Roadside bombs have made brain damage a grim hallmark of modern war. A RAND study out today says 320,000 U.S. troops may have suffered brain injuries in Iraq and Afghanistan — and less than half say they were ever evaluated by a doctor.
Even where there’s no unconsciousness or visible head wound, mild brain damage, without prompt treatment, can cause lasting problems.
So how to tell if a soldier is just shaken up, or if he has a concussion needing quick attention? Brain scans aren’t realistic in a battle zone; and thorough field tests can take 15 minutes or more (see a Navy version of the clinical practice guideline for managing concussions). Besides, symptoms of concussion or other mild traumatic brain injury are often easy to confuse with psychological problems and post-traumatic stress disorder.
The Pentagon’s answer: A gizmo that could evaluate a soldier in seconds. And the Defense Department is giving the Brain Trauma Foundation $4.6 million over four years to come up with a device that can do just that–and is rugged enough to function in Iraq. It’s part of $300 million Congress set aside for research into traumatic brain injury and psychological health.
The battlefield-ready version isn’t finished. When it is, it’ll probably include goggles or a visor attached to a PDA. But at its heart will be a tiny, high-resolution camera and software to measure how well the soldier can track a red dot traveling in a small circle. How consistently the eye tracks the dot– both initially, and then while the patient concentrates on a simple task, like remembering five words – indicates how much damage was done, said Jamshid Ghajar, the foundation’s president and a clinical neurosurgeon at Weill Cornell Medical College.
Here’s the science behind the gizmo: When a person’s head whips suddenly – whether from a bomb blast or a car accident – the brain whips around as well. Even if the brain doesn’t slam into the skull and bruise, the sudden motion can create tiny tears in the connections between parts of the brain governing attention. Those tears can cause memory and attention problems, too. And in some cases, the injuries predispose the untreated victim to much more serious brain damage from subsequent concussions.
Some concussions are obvious. Others aren’t, especially in a chaotic environment, says Col. Tony Carter, a U.S. Army colonel, former surgeon and interim director for strategy and planning at the Pentagon’s new Defense Center of Excellence for Psychological Health and Traumatic Brain Injury. Concussion victims may appear to be doing fine — until stressed, when their attention can collapse. (See the Mayo Clinic’s concussion rundown.) As Col.

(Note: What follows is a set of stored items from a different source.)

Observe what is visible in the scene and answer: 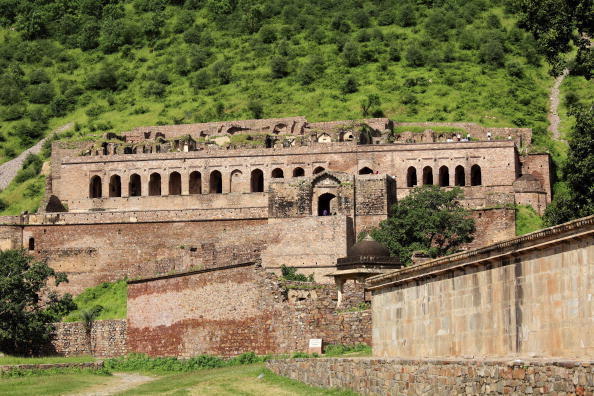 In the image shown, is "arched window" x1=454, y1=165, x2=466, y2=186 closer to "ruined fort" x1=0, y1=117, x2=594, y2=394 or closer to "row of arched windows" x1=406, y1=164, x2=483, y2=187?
"row of arched windows" x1=406, y1=164, x2=483, y2=187

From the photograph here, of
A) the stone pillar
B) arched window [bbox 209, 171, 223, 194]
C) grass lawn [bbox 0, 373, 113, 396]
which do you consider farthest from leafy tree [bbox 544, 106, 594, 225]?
the stone pillar

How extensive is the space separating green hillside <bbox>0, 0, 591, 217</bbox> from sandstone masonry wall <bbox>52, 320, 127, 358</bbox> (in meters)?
29.3

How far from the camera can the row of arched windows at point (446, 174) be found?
6481cm

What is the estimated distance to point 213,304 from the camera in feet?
128

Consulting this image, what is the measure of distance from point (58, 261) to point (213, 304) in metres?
21.9

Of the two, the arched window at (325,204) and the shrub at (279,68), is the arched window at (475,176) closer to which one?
the arched window at (325,204)

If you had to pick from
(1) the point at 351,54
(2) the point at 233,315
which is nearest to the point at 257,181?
(2) the point at 233,315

Carter put it: “They may not respond appropriately in circumstances in which, if they had not had their bell rung, they would have responded just fine.”
One way to gauge the extent of the damage is to measure variations in the brain’s timing; the more variation, especially while the subject is concentrating on something else, the greater the damage, Ghajar told Health Blog. His research has measured these correlations, using a version of the eye-tracking test, with damage visible in specialized brain scans of civilian head-trauma patients.
“When you’re paying attention to something, you’re actually predicting what happens,” Ghajar said. “Without timing, you can’t pay attention, you can’t learn, you can’t function in the outside world.”